2012 marked a breakthrough for Artificial Intelligence (AI), in particular for the field of Machine Learning (ML) that deals with algorithms that improve automatically by learning from data. Back then, Geoffrey Hinton and his team at Toronto University managed to design and efficiently implement an artificial neural network on a set of graphics cards of the kind normally used to run the latest and greatest video games. For the first time, a neural network of this kind was fast enough to be trained on millions of images. As a result, their method clearly beat the state of the art in object classification, almost halving the error rate of the previous best result. It was the beginning of the success story of Deep Learning, a branch of Machine Learning exploring Deep Neural Networks (DNNs). Due to their deep architecture with many stacked layers of artificial neurons, DNNs are capable of learning from much more data samples than it was previously possible with other Machine Learning methods.
From the Cloud to the Edge
At Captural, we use Deep Learning for Computer Vision in order to build the next-generation photo book app. Computer Vision is the discipline that deals with how computers can gain high-level understanding from digital images or videos. It is one of the areas that profited and still profits most from the Deep Learning revolution. Many techniques such as face, object and scene recognition as well as image segmentation have improved greatly in accuracy and execution speed over the past few years. In addition, new exciting applications such as transferring the style from one image to another or synthesis of photo realistic images have emerged.
At first, Deep Learning algorithms were mainly deployed to the cloud, because of the large amount of compute resources they typically require. However, nowadays many smartphones and tablets come with dedicated hardware for Machine Learning. In addition, iOS and Android both offer powerful software development kits that are optimized for these ML chips and greatly simplify mobile ML. Although most models are still trained in the cloud or on powerful desktop machines, once trained, the aforementioned advancements make it easy to run model inference on mobile devices. The practice of bringing the computation closer to where its results are needed is called Edge Computing or Edge ML for this particular case.
Why choose ML at the Edge
We are working on powerful ML capabilities for the Captural photo book app. Features that are already in the app or will soon become available include:
- Smart search filters that allow to find photos based on their contents (objects, scenes, faces, places)

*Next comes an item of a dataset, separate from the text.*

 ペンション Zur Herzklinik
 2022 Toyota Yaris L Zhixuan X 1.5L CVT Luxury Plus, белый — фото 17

- Smart content-aware cropping in order to create beautiful image compositions.
- Auto-detection of photo book themes given the photos a user selected.

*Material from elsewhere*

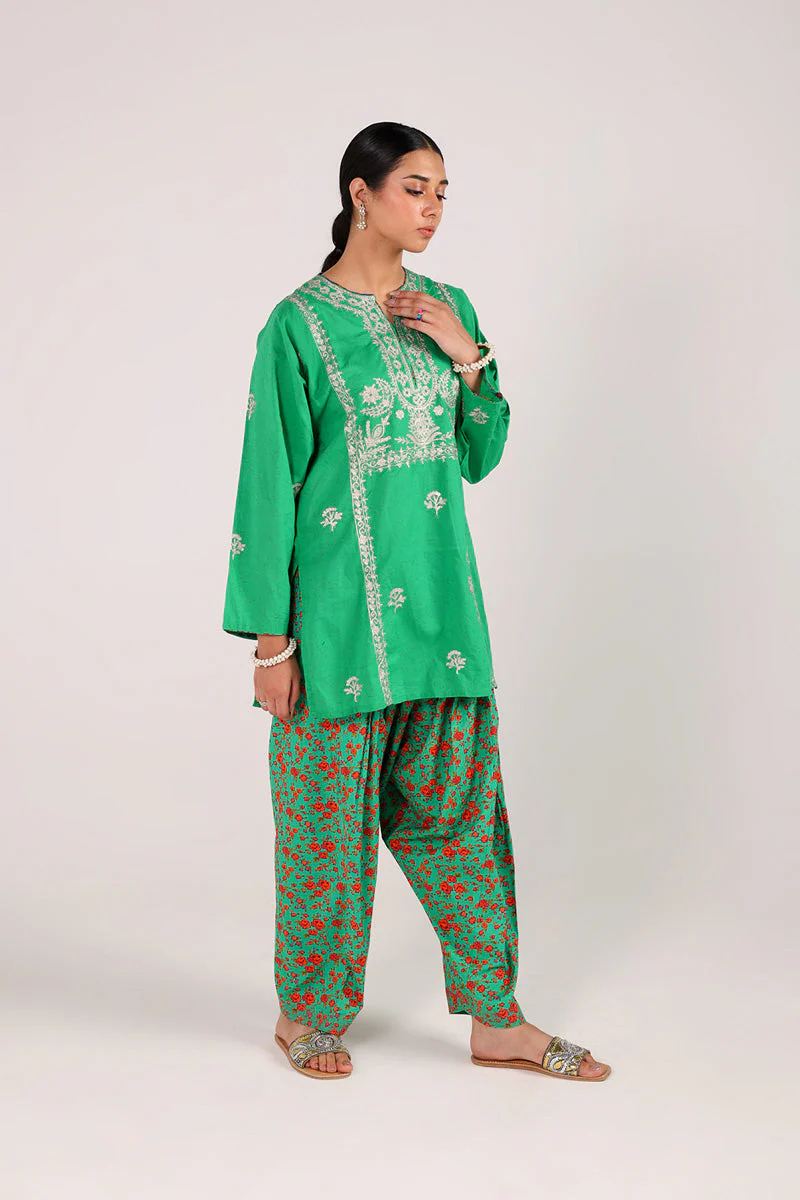 Gilded Glam Luxe Ensemble - Image 14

- Identification of similar and duplicate images.
Executing inference for the required ML models directly on-device leads to a lower latency compared to running it in the cloud, because no data has to be sent back and forth. Furthermore, our app becomes more reliable, since for the most part of the user experience it can easily function without internet connectivity. Future features and use cases we are excited about will also profit from the very low latency. Some of them, for example Augmented Reality, are simply not feasible with inference running in the cloud.
In addition to low latency and offline usage, there is another advantage of Edge ML we believe is crucial: Privacy. If user data never leaves the device, there is no reason for privacy concerns. Let’s look at this in more detail.
The Privacy Threat
For big tech companies, which make most of their revenue selling advertising space on the internet, personal data is very valuable. It allows them to learn a lot about their users’ preferences and interests. Although companies such as Google and Facebook have improved their privacy policies and nowadays inform users more transparently about which data is collected and how it is used, what exactly happens inside the big data machinery that processes all this information is very complex and mostly hidden from the public eye. Even if customers agree with the data use of big tech companies, wherever massive amounts of data are being collected and stored, there is always a risk that some of it will be lost — or even worse — get into the wrong hands. It’s a fact that these companies apply very high security standards in order to protect customer data. Nevertheless, on many occasions, missing or failing internal processes and human errors have led to massive data breaches, the most striking one perhaps being the scandal involving Facebook and Cambridge Analytica.
Photos are very sensitive data, because they often capture private moments and contain a lot of personal information. For example, it is very easy to extract the metadata contained in the photos we take on our smartphones. This metadata often includes GPS coordinates of the place a photo was taken at and almost always the exact point in time. With the powerful ML algorithms and huge server farms dedicated to big data analysis, it’s possible to recognize who is in a picture, which environment people are in and/or which activity they are performing. With sentiment analysis algorithms it’s possible to predict the mood a person was in when the picture was taken. Similarly, sentiments can be extracted from voice recordings by analyzing the tone and phrasing of speech. From videos, even respiratory-patterns and heart rate can be extracted. By analyzing all of this personal data over time, it becomes possible to predict whether someone is happy, depressed or anxious and even track their state of mental health and much more.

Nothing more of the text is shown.